Ehemaliger Ergee-Chef verstorben: Trauer um Klaus Walther

Mitbegründer von einstigem Textilriesen Ergee im 85. Lebensjahr verstorben.

Erstellt am 25. November 2021 | 05:00
klaus walther
Klaus Walther hatte wesentlich zum Aufschwung der Stadt Schrems beigetragen.
Foto: Sebastian Dangl

Er war kein offizieller Ehrenträger der Granitstadt, und doch trägt die Stadtgemeinde Schrems große Trauer: Mit dem einst langjährigen Ergee-Geschäftsführer Klaus R. Walther verstarb am 21. November ein Mann, dessen Name untrennbar mit den wirtschaftlich besten Jahrzehnten der Stadt verbunden ist.

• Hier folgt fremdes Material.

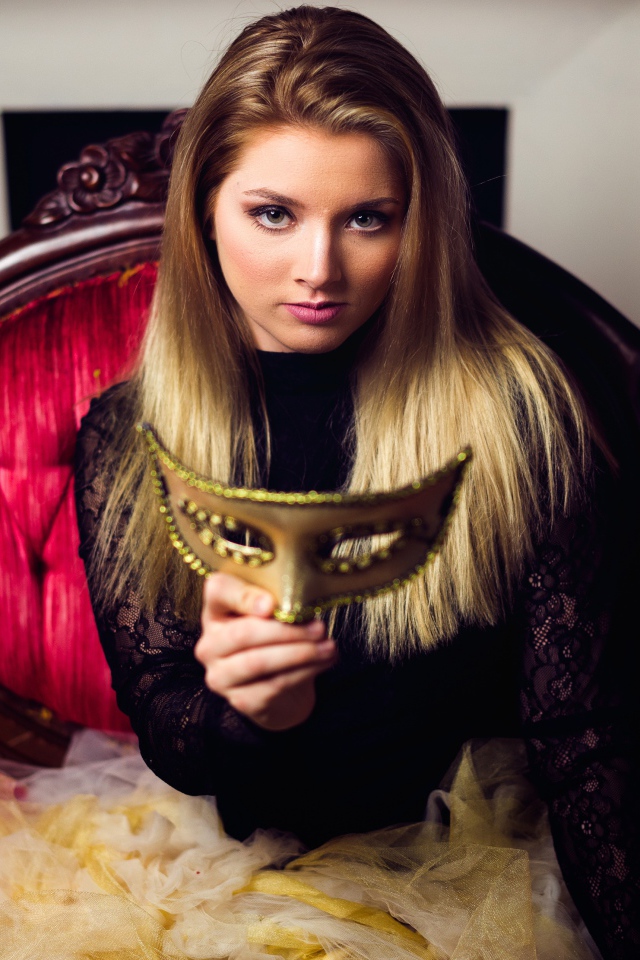 Красивая девушка с маской в руках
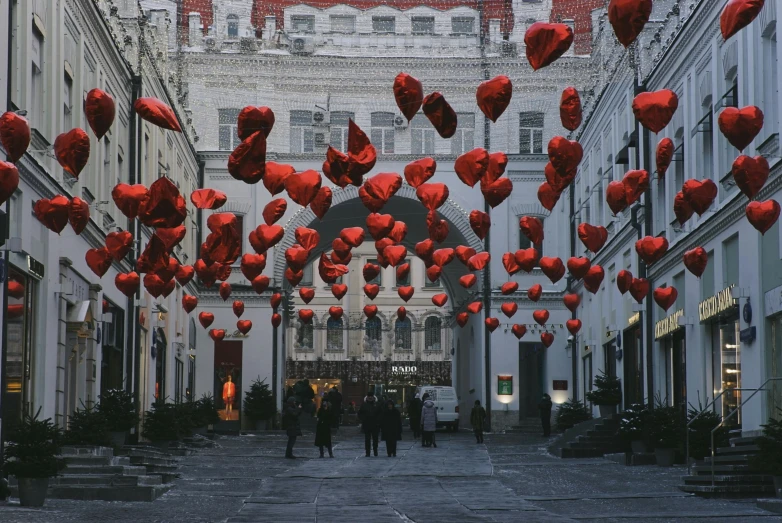 this image shows many people walking in front of some very decorative red hearts on the street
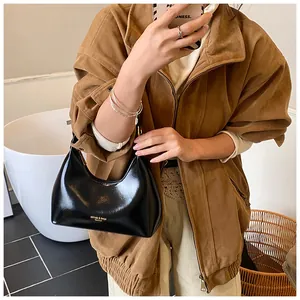 Detail of black glossy shoulder bag with gold lettering held by a model in a brown jacket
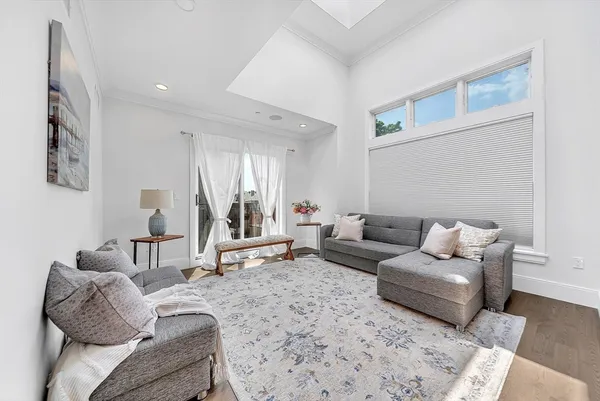 a living room with furniture and a couch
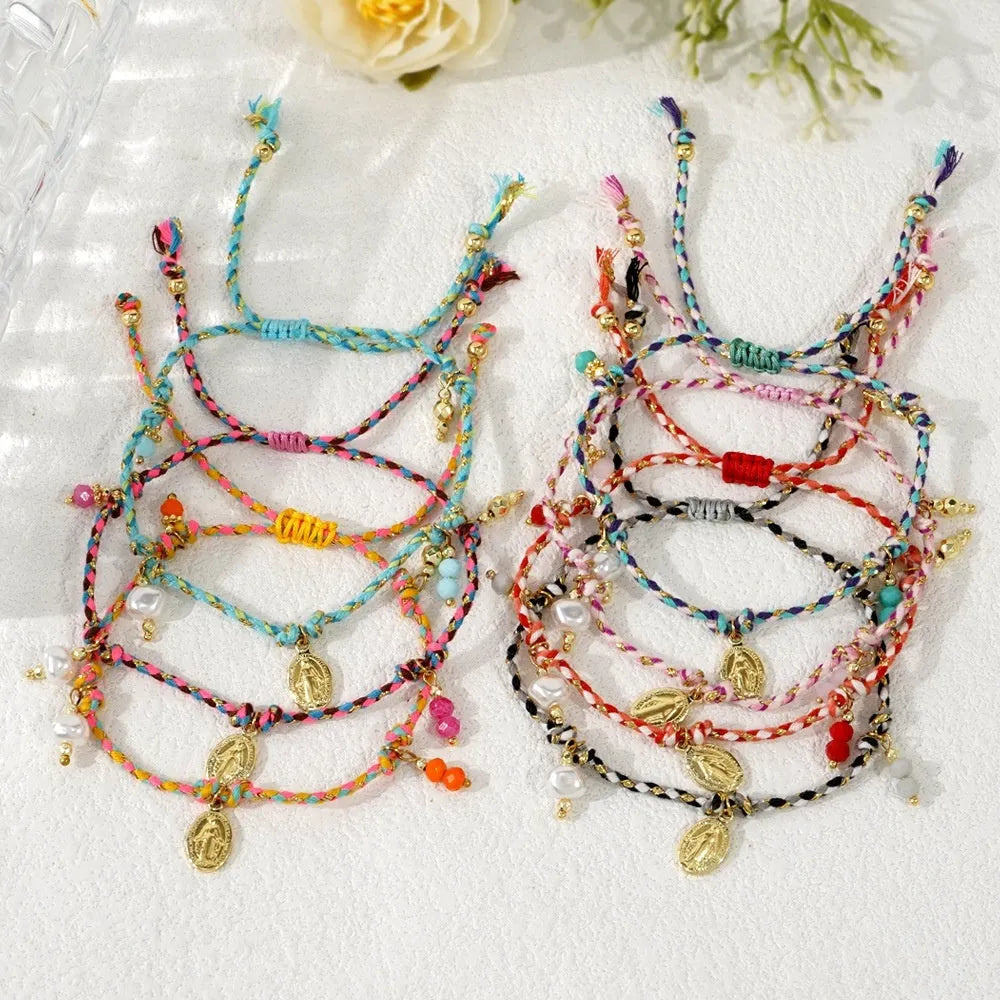 Close-up of a hand-woven colourful braided rope bracelet with an adjustable strap tag, showing ethnic style design.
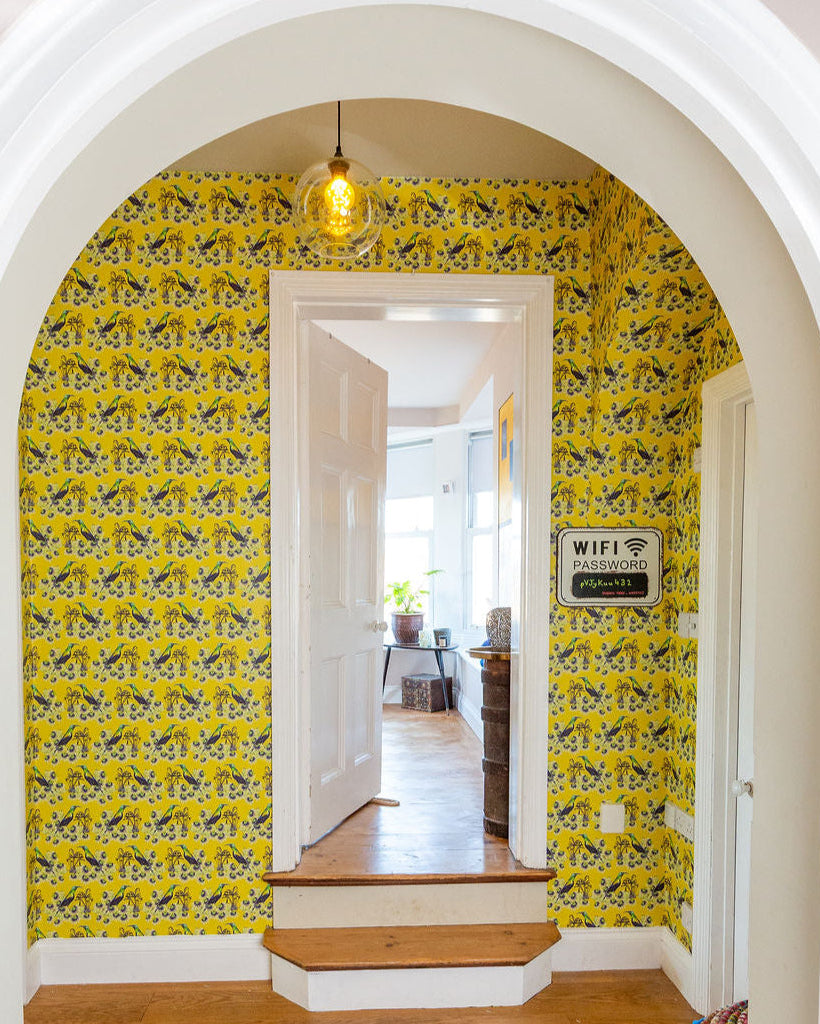 Archway with yellow floral Kirimiri wallpaper and a cat walking on a wooden floor.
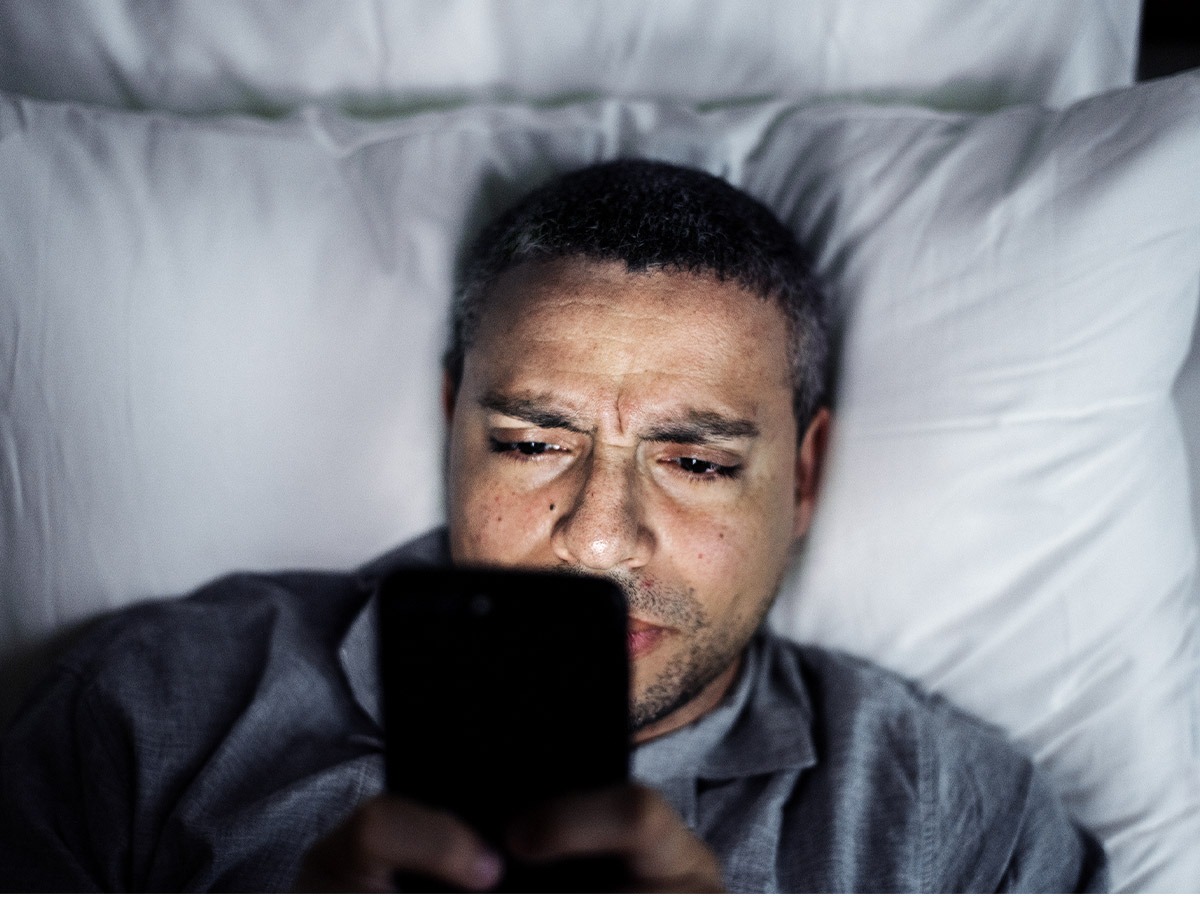 Man in bed on smartphone adjusting his smart home.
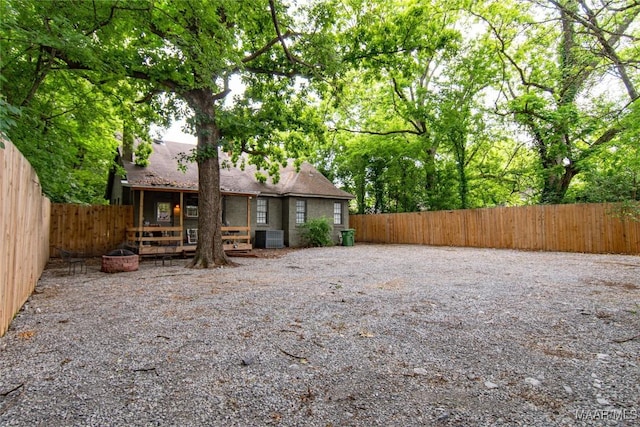 rear view of property featuring a fenced backyard and central AC
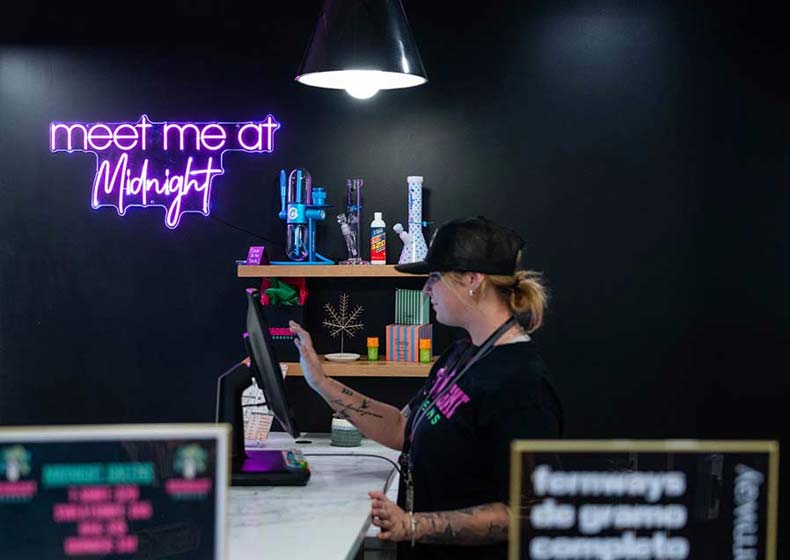 Budtender at Midnight Greens Dispensary assisting a customer under a neon 'meet me at Midnight' sign, reflecting the brand’s modern, women-owned vibe.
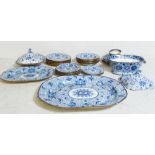 An extensive blue and white part ironstone dinner service, to include meat plates, tureens, etc (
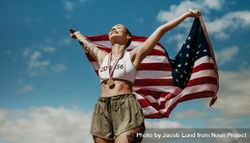 Athlete enjoying victory with US national flag against sky 47lyzb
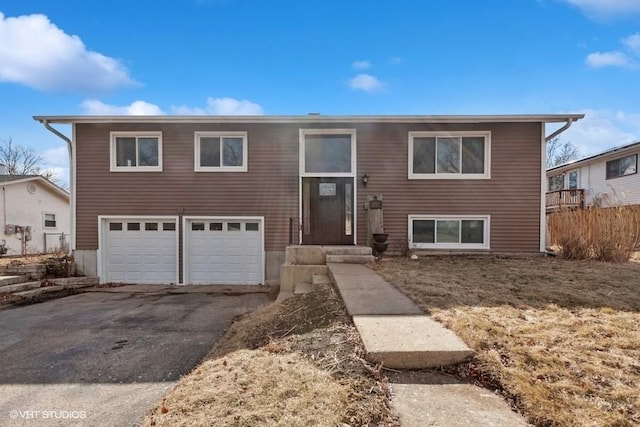 bi-level home with aphalt driveway, an attached garage, and fence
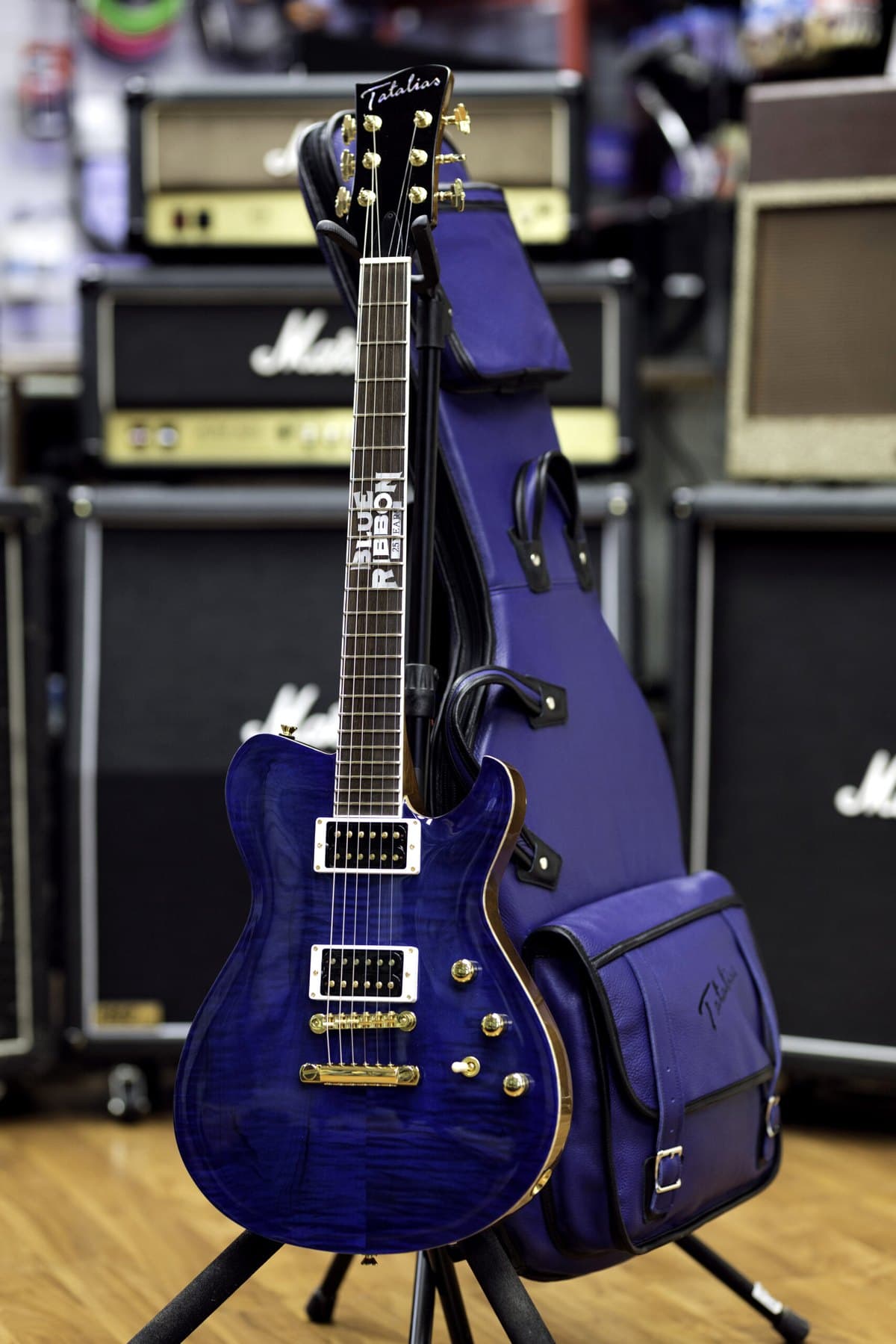 A handmade Tatalias figured-top in blue with its custom gig bag in front of the amp wall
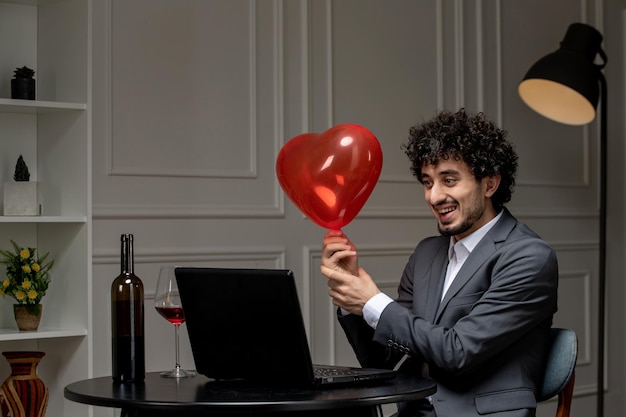 Amor virtual bonitão bonito de terno com vinho em um encontro de computador à distância segurando balão de coração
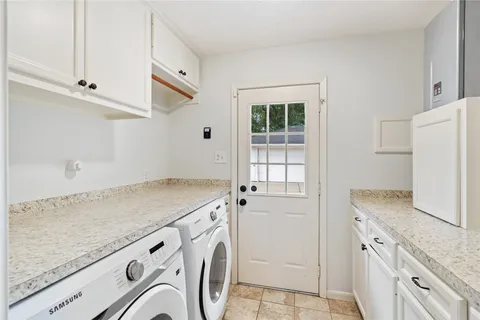 a bathroom with a sink a toilet and shower curtain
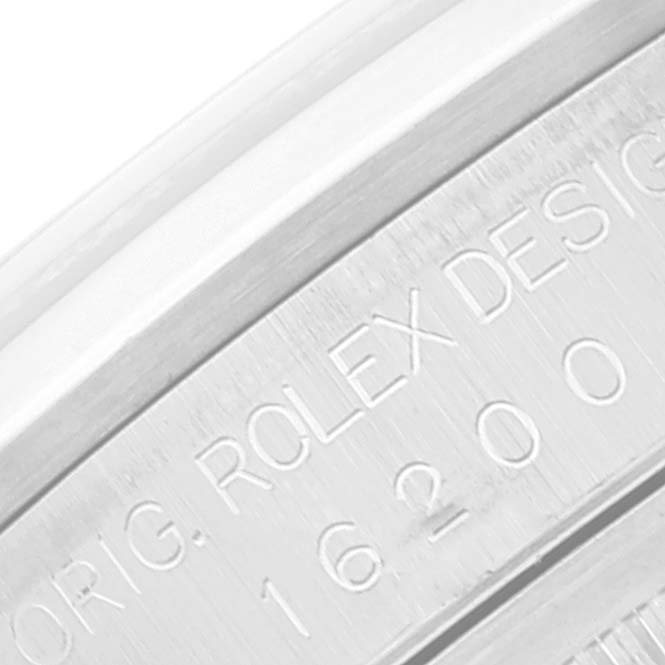 This image shows a close-up of the engraved side of a Rolex Datejust 16200 Men's Stainless Steel Pink Dial 16200 Men's Stainless Steel Pink Dial model, displaying the serial number and the "ORIG. ROLEX DESIGN" inscription.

Aufgewachsen in Sachsen, verschlug es Walther 1960 nach Schrems, wo er gemeinsam mit Gertraud Moeckl in vier Etappen das Ergee-Textilwerk zur Produktion feinster Damenstrümpfe und Kindermode aufbaute. Schon bald stieg Ergee zum größten Arbeitgeber der Region auf, beschäftigte in besten Zeiten bis zu tausend Menschen – zunächst in Schrems, dann auch in Zwettl. Altbürgermeister Reinhard Österreicher spricht von einem „ungeheuren Aufschwung“, den Walther damals ausgelöst hatte: Schrems habe eine historische Zuzugswelle durch Mitarbeiter erlebt, die monatelang die Baustoffe knapp werden habe lassen.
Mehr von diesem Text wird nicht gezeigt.